PEG-PLGA from PolySciTech used in quantitative analysis of fluorescent dye performance with varying nanoparticle loads.

 

Due to their chemical structure, fluorescent molecules have the ability to absorb light of a certain wavelength and emit light at a lower frequency (longer wavelength). This phenomenon is widely used in assays and imaging applications for example fluorescent labelling of certain molecules or items to more easily visualize them under microscope or use of near-infrared dyes which can penetrate through skin and muscle allowing imaging the location of particles or other items within a living organism. Recently, researchers at University of Queensland used mPEG-PLGA (AK026) from PolySciTech (www.polyscitech.com) to quantitatively test the fluorescence of dye loaded inside of pegylated nanoparticles and compare these results to other kinds of dye-loaded nanoparticles. Depending on the dye’s access to other dye molecules (which can reduce fluorescence due to self-quenching) and also the presence of items which may prevent the light from passing through the fluorescence intensity may be drastically altered. This research provides important fundamental understanding to dye-particle performance to optimize tracking studies and theranostic applications. Read more: Yang, Guangze, Yun Liu, and Chun-Xia Zhao. "Quantitative comparison of different fluorescent dye-loaded nanoparticles." Colloids and Surfaces B: Biointerfaces (2021): 111923. https://www.sciencedirect.com/science/article/pii/S0927776521003672

“Highlights: Many factors affect fluorescence intensity of dye-labeled NP at the same dye loading. These factors include dye distribution inside or on the surface of NP, and material shielding. A more reliable method was proposed to compare NP cell uptake.

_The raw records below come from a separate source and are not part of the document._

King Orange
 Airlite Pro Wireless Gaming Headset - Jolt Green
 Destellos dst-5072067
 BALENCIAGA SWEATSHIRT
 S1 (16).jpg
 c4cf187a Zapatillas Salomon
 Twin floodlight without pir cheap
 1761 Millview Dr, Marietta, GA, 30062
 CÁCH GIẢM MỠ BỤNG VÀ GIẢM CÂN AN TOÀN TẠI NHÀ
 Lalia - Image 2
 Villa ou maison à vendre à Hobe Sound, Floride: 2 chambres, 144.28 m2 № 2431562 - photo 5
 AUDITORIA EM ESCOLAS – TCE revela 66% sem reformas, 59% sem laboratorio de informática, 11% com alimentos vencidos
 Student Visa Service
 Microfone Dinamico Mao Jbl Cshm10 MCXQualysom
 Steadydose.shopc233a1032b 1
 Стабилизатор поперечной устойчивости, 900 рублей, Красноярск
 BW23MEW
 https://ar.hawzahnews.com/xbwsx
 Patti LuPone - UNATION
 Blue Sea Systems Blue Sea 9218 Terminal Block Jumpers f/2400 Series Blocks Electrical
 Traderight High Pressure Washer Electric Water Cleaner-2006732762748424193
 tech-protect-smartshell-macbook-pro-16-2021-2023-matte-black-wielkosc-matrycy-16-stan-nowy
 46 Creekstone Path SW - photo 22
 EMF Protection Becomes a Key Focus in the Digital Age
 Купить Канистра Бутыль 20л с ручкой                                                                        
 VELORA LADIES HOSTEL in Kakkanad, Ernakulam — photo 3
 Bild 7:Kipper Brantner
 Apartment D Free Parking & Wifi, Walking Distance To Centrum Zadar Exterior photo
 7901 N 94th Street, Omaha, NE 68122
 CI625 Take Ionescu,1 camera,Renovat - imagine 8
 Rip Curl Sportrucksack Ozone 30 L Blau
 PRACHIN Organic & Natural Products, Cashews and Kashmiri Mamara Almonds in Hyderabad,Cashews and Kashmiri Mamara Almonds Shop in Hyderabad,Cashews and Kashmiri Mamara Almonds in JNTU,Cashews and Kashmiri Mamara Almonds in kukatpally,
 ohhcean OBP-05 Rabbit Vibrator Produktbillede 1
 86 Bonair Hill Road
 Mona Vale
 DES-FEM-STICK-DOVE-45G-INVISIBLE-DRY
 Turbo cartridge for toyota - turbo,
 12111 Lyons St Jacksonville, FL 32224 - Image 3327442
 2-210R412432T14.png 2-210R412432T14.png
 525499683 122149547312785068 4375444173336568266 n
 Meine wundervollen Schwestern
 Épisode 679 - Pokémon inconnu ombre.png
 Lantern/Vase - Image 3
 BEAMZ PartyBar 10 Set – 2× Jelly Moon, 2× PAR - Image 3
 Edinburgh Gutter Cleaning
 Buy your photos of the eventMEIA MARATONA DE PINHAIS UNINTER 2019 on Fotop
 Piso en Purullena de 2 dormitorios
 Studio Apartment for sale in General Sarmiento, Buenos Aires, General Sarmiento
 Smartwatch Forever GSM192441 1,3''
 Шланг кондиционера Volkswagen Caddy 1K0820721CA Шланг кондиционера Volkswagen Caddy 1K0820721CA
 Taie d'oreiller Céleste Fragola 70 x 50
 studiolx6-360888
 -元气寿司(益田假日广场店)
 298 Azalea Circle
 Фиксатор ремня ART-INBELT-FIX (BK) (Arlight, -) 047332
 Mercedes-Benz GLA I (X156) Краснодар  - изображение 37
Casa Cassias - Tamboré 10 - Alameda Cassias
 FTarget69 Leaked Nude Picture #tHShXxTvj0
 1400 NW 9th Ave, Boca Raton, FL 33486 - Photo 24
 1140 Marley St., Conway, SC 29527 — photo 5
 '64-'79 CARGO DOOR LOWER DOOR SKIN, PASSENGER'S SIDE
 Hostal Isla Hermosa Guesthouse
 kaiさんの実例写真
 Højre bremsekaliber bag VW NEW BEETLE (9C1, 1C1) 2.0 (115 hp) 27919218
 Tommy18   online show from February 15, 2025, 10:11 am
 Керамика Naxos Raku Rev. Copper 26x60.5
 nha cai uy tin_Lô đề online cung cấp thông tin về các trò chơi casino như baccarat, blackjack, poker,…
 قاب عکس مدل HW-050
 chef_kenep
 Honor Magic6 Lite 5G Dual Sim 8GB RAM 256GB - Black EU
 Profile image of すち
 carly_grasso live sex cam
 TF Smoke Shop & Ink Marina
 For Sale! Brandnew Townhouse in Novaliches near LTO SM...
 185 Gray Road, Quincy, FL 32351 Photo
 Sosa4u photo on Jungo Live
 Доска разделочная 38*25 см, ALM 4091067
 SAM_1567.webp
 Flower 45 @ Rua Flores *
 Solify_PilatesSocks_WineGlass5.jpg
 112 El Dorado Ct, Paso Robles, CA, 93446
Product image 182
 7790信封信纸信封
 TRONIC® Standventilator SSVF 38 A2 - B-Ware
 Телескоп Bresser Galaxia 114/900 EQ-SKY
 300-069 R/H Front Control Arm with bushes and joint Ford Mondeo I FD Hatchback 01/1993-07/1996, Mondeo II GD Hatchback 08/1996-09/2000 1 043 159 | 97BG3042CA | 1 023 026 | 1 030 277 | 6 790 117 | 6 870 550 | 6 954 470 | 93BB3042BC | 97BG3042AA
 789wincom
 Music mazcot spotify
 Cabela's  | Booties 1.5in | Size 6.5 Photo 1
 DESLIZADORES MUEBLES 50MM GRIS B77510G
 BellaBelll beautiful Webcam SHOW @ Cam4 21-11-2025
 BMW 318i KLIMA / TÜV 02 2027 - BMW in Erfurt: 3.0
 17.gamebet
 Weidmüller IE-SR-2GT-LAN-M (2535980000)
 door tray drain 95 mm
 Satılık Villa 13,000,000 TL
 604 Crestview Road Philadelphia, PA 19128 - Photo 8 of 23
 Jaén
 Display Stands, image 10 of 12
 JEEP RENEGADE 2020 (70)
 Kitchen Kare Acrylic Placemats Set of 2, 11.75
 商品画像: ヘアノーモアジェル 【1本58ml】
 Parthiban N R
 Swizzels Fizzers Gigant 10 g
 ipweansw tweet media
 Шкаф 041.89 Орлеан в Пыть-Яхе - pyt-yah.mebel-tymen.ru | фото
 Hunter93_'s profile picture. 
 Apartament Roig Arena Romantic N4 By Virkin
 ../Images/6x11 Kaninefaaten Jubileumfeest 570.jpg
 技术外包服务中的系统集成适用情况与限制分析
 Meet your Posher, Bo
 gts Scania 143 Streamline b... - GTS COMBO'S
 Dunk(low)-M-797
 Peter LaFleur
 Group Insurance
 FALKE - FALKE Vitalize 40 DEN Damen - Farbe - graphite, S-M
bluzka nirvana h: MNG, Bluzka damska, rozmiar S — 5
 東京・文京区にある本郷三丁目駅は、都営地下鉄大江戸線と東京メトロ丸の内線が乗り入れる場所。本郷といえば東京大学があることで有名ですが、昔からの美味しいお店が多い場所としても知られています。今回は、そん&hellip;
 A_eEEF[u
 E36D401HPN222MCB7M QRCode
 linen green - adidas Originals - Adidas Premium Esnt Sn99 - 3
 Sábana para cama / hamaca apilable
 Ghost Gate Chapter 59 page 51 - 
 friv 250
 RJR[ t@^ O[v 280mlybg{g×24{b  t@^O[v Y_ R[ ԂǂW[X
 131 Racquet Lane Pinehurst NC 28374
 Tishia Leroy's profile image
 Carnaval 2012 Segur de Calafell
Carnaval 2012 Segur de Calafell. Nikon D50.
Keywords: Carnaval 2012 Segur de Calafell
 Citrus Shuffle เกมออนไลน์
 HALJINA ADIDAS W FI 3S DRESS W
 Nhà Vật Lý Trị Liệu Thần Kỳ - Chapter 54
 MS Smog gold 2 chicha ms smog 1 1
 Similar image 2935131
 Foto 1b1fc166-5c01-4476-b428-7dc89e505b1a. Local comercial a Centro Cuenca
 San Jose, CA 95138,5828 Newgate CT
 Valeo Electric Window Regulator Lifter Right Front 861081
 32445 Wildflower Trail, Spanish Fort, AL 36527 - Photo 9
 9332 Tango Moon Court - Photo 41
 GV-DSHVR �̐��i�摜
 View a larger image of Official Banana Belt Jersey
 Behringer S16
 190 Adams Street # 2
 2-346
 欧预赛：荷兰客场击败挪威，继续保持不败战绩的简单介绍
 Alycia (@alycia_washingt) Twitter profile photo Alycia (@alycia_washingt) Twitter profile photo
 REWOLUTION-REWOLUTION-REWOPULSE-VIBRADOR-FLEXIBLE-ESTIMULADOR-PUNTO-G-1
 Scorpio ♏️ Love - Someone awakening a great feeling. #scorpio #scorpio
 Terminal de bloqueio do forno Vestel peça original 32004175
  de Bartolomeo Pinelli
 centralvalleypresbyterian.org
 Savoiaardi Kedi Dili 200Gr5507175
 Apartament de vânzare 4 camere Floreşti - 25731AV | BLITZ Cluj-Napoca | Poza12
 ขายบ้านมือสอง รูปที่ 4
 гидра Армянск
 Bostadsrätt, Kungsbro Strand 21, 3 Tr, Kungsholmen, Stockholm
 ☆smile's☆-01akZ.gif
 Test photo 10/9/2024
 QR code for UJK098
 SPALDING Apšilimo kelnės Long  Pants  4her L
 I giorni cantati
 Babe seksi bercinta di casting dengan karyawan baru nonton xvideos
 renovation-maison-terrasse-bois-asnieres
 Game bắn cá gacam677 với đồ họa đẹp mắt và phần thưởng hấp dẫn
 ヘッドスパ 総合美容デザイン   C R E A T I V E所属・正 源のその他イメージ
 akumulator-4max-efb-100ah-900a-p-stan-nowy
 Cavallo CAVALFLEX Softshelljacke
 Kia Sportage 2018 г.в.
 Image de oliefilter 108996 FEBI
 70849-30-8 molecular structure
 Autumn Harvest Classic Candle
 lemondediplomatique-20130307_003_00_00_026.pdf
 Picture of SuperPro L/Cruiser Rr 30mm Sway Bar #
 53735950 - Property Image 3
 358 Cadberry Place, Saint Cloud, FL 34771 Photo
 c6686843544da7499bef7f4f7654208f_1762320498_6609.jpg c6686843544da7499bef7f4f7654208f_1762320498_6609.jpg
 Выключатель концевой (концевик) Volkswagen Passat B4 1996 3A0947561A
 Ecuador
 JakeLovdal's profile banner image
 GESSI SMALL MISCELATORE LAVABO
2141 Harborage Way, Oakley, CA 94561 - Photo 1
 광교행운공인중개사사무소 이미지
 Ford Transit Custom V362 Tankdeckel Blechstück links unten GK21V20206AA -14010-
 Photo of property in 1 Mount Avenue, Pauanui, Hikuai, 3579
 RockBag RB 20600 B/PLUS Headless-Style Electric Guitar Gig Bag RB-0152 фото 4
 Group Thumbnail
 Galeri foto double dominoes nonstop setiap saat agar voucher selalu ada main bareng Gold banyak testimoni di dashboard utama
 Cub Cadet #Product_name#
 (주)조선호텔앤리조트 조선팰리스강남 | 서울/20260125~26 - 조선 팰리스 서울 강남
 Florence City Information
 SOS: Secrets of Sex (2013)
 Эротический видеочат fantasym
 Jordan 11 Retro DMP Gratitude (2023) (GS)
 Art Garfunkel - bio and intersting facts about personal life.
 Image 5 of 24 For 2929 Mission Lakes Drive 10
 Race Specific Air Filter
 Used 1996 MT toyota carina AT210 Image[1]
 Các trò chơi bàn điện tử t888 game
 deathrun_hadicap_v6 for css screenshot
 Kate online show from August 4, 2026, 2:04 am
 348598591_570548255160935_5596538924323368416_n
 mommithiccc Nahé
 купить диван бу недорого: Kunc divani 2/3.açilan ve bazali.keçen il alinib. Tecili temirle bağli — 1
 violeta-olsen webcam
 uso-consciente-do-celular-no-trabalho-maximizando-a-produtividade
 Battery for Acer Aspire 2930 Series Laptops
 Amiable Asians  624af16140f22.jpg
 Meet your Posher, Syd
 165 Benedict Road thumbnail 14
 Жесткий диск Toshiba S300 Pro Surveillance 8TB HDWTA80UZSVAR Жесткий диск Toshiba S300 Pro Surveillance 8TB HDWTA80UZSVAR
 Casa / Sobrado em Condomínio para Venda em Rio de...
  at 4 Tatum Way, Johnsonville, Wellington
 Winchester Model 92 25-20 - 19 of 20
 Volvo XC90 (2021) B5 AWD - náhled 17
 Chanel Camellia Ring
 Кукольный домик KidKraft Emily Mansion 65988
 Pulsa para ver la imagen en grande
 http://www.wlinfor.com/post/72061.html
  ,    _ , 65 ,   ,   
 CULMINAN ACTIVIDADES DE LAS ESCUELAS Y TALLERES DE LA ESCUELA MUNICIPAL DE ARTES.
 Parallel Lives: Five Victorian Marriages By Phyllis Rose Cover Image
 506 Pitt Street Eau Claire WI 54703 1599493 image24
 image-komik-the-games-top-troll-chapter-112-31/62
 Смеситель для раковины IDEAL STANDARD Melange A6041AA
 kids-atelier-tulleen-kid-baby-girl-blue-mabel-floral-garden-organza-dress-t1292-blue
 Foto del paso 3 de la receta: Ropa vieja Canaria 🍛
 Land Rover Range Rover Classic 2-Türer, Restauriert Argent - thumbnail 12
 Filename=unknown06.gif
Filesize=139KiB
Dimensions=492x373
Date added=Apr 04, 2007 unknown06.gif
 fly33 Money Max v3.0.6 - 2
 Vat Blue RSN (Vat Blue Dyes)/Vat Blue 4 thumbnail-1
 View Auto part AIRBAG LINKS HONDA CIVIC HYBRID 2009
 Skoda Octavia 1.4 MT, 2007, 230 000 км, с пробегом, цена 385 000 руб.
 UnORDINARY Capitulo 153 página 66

Abstract: Labeling nanoparticles with fluorescent dyes is a common approach to investigate their cell uptake and biodistribution, providing valuable information for the preclinical assessment of nanoparticles for drug delivery. However, the underlying assumption that the fluorescence intensity of dye-labeled nanoparticles correlates positively with the amount of nanoparticles taken up by cells might not be valid under some conditions, as it can be affected by many factors including dye dispersion, dye quenching, and material shading. Here we demonstrated that both nanoparticles with hydrophobic dyes encapsulated inside and nanoparticles with hydrophilic dyes conjugated on the particle surface suffer from different degrees of dye quenching, making it challenging for quantitative comparison of cell uptake of different nanoparticles. To address this challenge, we proposed a possible solution for direct comparative studies of dye-labeled nanoparticles. This work provides valuable information for designing and evaluating different nanoparticles for drug delivery applications.”